Dans mon école imaginaire, je me fiche de savoir si tu peux réciter identifier les étapes d’un schéma narratif. Ce que je veux, c’est que tu saches raconter une histoire. Si tu sais identifier la thèse, l’argument, le contre-argument et l’ouverture, ça n’a que peu d’importance. Ce qui est important, c’est si tu les chercheras en regardant le prochain débat des chefs. Tu sais souligner les mots qui forment le champ lexical d’un texte ? Bravo, tu as fait l’exercice. Mais penseras-tu à le faire en lisant un magazine, pour comprendre sa ligne idéologique, et mieux orienter ton choix de lecture ?

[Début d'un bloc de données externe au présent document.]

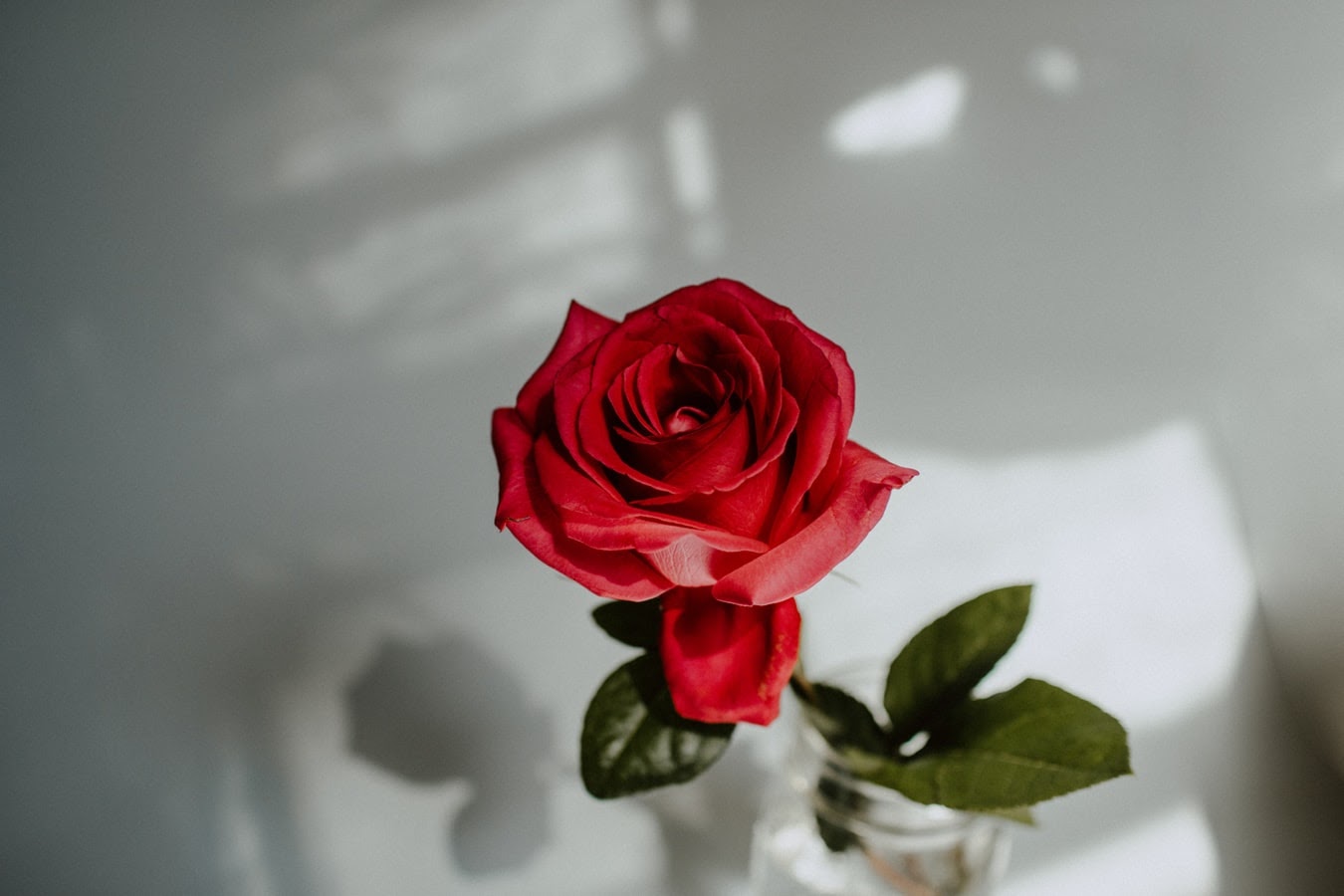 How To Preserve a Rose To Make It Last Forever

Tout ce qui est enseigné en classe doit être susceptible d’être observé en dehors. Et puisque nos enfants sont déjà de petits – pardon, de puissants – consommateurs, je les emmènerai en sortie visiter les abattoirs, les cultures maraîchères, les usines. Pour qu’ils sachent ce qu’il y a derrière ces produits auxquels ils sont parfois si attachés. Autant que les musées et les pièces de théâtre, ces visites sont essentielles pour qu’ils comprennent le monde dans lequel ils auront à vivre.

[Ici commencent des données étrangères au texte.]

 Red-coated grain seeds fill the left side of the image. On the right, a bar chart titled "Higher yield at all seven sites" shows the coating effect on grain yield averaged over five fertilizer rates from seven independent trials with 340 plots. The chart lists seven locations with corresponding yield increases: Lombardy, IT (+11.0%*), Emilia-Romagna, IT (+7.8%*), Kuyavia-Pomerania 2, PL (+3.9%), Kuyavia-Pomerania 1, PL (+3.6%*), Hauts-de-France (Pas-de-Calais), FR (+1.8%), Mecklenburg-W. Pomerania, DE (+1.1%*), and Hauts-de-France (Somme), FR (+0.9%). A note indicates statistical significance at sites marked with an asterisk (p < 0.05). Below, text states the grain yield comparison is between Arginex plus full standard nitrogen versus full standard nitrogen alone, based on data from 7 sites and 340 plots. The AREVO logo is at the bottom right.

Travailler, c’est chercher à s’émerveiller davantage

Dans mon école imaginaire, celui qui ne sait que transmettre un contenu ne sera pas professeur. Le professeur est le canal par lequel l’enfant s’engage pour découvrir une manière de penser le monde. Il est aussi un performateur, un comédien, un conteur. Son travail est de prouver en permanence à l’enfant que les chiffres, les mots, les émulsions, peuvent être sujet à émerveillement. Et que si apprendre, c’est s’émerveiller, travailler, c’est chercher à s’émerveiller davantage.

Mon but comme professeur n’est pas que l’élève sache régurgiter de la matière, mais qu’il sache s’étonner, s’interroger, s’émerveiller, mettre en perspective, retourner les évidences qui se présenteront à lui.

Bien sûr, une telle école restera imaginaire. Parce que la formation de tels professeurs demanderait la remise à plat de tout ce qui constitue nos programmes. Parce que ces professeurs devraient être tellement engagés, que plus personne ne pourra être professeur pour autre chose que par passion. Parce qu’il est toujours plus rapide de corriger des exercices à choix de réponse que de corriger une création. Parce qu’il est toujours plus facile de répéter la même matière chaque année que d’accompagner un élève dans un cheminement de réflexion.

Dans cette école imaginaire, quand les élèves viendront chercher leurs manuels, ce sera une fête.